Re: Camp: Lagertha/Ragnar
There had been nights, years in the past, where the two of them could spend hours in each other's company and not say a word. Days where snow or rain trapped them inside, and even with their children under the same roof, they had gone quiet, moving in each other's spaces the way stars moved around each other. It had been comfortable when the sun was up and passionate when the sun was down, and it had been them. They'd lost that after they'd moved to Kattegat, after her miscarriage, but here it was again. Sneaking up on her in a way that held more stealth than any raiding party could ever hope to. There was a silence between their words, but (though the circumstances were unsettling in the most extreme way) it was once again comfortable.

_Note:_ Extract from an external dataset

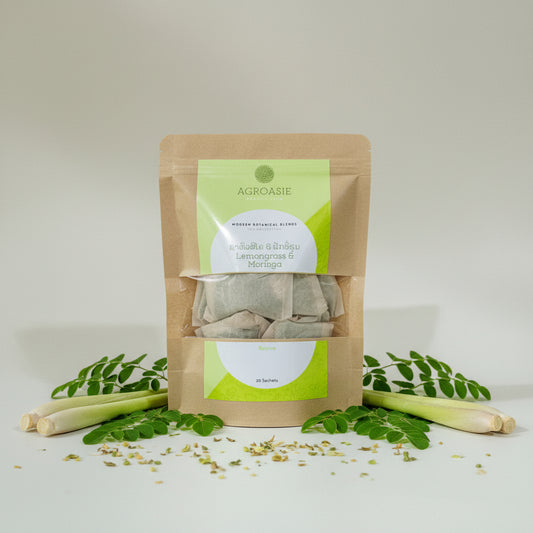 Tea packages with Agroasie branding on a light background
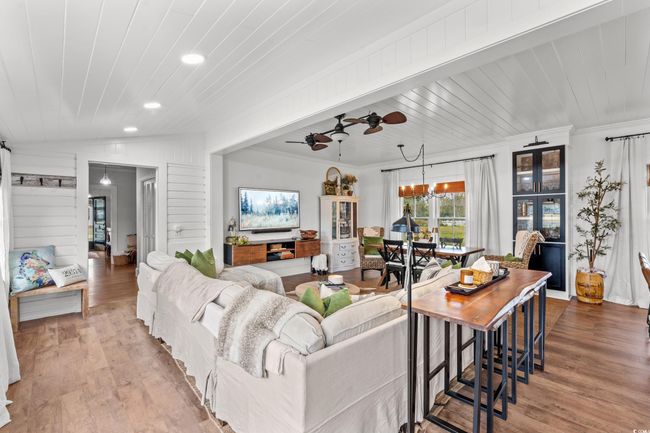 Living area featuring recessed lighting, wood finished floors, crown molding, a ceiling fan, and a chandelier | Image 4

Once, Lagertha had thought herself too injured by this man to ever forgive his actions. She had carried that humiliation with her all the way overland until she'd found her new husband, a man that would take both her and her son. It had become a hard layer of ice within her, but that ice was only a masking layer over the part of her that still held warmth. Warmth for anything, but mostly for Ragnar. Being with him again, traveling with him, tossed around by circumstances that forever grew stranger, it all served to drill through that ice. She could state that she was a good and loyal wife to her new husband, to Sigvard, but she had never held the same sort of warmth for him. And it didn't stop those long-hidden feelings for Ragnar from beginning to seep out again, like sweet, clear water from a deep-dug well.
The press to her hair was familiar, as was the inhaled breath that followed and the heat that caught in braids and seeped through to her skull. Her eyes remained shut, but she could not deny that she leaned more against his side, shivered into the curve of his arm where it wrapped around her back. What might happen if she chose to finally believe him - that things were different here, that the gods had seen fit to realign them in this strange way after being set apart for so long, that he had no other wife and no other children. Hadn't she sometimes wished for such a thing, in the very darkest hours of her nights, the drunken snores of Sigvard beside her? She was a strong woman, a shieldmaiden. She did not need to place herself at a man's side if she did not wish (not now that her son was grown and gone), could likely rule and fight better than many of them. But wanting to stand side-by-side with someone (with him) was a different tale.
And it could happen. She knew it could, and her body tensed with the renewed knowledge of it. She could turn to him, lift her face to him, and erase the years that had passed, erase the strangeness that had plagued her since she'd set out on the road and lost her fighters and her son. Their son. She would only need to lift her head, look up at him...
She stayed still and sighed again. But she was not so hardened that she couldn't give just a bit. Her mouth curved in the smallest smile as she opened her eyes again to watch the nearly-dead glow of the fire, still in the shelter of his arm. "And if tomorrow the gods decided I should become Rollo? Or even Torstein. Would you still think I was myself if my form was theirs?"